Over, for instance, has generated more than a million dollars in revenue since it launched, and has grown from a team of two last year to a team of six.

But Marshall admits that at one point he did consider, and actively court, outside investors. He sees a future for Over which would see it expand to become more of a product for creative types performing professional tasks via their mobile phones. At one point, he even received an offer from international investors that would have infused his company with a million in seed funding, but he decided to turn the money down.

“I won’t lie – I woke up many nights wondering if I made a terrible decision,” Marshall says. But at the end of the day, he felt like the investors and his company just weren’t a good match.


“Product and process and profit all flow from getting the right people,” he adds. “I just focus on getting the right people together, and that always works for me…when I look at an investor, I look at them as ‘would I want to hire this person?
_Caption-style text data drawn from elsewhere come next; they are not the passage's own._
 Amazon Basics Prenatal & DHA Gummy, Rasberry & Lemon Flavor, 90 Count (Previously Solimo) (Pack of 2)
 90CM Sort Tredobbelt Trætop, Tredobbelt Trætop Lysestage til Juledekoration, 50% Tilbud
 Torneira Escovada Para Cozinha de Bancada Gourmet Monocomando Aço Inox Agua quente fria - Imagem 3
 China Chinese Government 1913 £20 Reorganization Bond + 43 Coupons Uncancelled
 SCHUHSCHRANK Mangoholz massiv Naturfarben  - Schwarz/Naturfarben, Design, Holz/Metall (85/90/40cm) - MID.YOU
Do they have skills I would happily employ on the team?’ And I couldn’t say that about these people who wanted to offer me the money.”

Of course, by turning down the outside funding, Marshall also understands the decision could impact the larger vision he had involving making Over a more professional product. But he also didn’t want to put himself in a situation where he felt pressured by the money to find an “exit” if things didn’t progress the way investors wanted. (If only more companies could say this!)

Now on Android, the app offers a “thumb-friendly” navigation style designed to work better on larger-screened phones, while also introducing the handful of features noted above, which are now being developed for iOS.

The new store experience will be especially helpful, too, as it’s something of a pain point for the company today.


When Over was featured by Apple during the App Store’s recent birthday, the app, normally $1.99, went free and saw 4.6 million downloads during the week. But issues with the store prevented conversions from being as high as they should have been.

“Our store was breaking…we still made some money, but we didn’t make anywhere close to what we should have made,” Marshall admits. “We’re talking abysmal failures rates,” he says. Those conversion rates were not even close to 1%, but the hope is the fixes now on Android, and soon iOS, will address those problems. That can’t happen fast enough, because I just tried to buy an artwork pack on iOS today, and was given an error message instead of a download.

Over is now the core product for the company, formerly known as Potluck, though it still has some spin-offs like Obaby (a baby-focused version of Over) live in the App Store. While those generate some income, Over is the app being actively developed, and for Android, it will be the only application – at least for now.

Longer-term, Marshall says the plan is to roll out a suite of related apps that help people be creative on mobile devices.

Over is 99 cents on Google Play for a limited time during its launch.